-- Excerpted records follows --
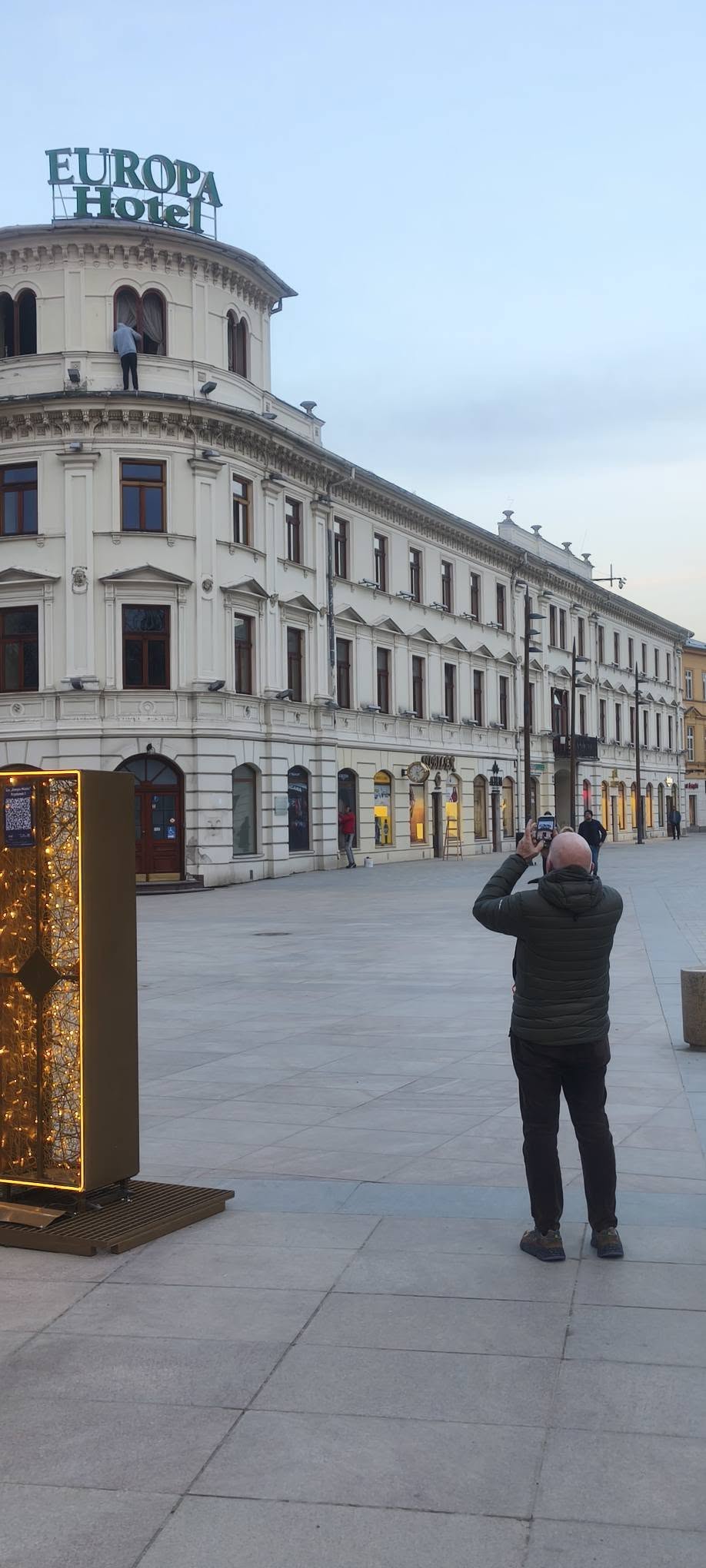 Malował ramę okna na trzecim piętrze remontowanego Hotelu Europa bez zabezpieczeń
-- Excerpted records concluded --
-- Excerpted records follows --
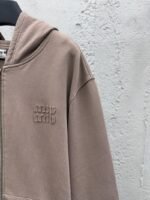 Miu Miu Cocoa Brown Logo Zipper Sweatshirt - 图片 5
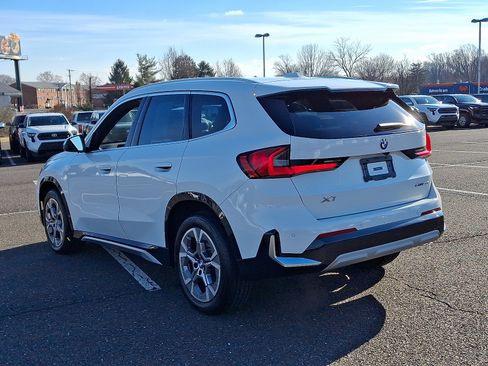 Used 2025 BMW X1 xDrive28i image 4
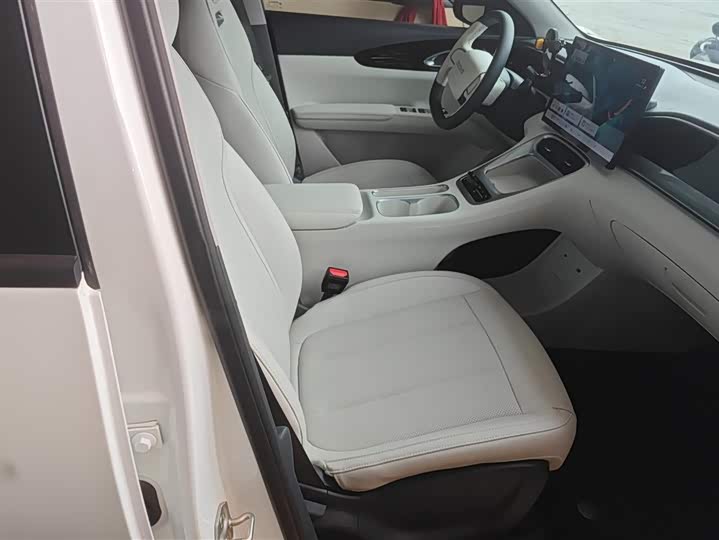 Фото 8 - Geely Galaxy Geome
-- Excerpted records concluded --
Above are some entries; copy exactly the lines from the line with "Used 2025 BMW X1 xDrive28i image 4" through the line with "Фото 8 - Geely Galaxy Geome", both included, but none of the pictures.

 Used 2025 BMW X1 xDrive28i image 4
 Фото 8 - Geely Galaxy Geome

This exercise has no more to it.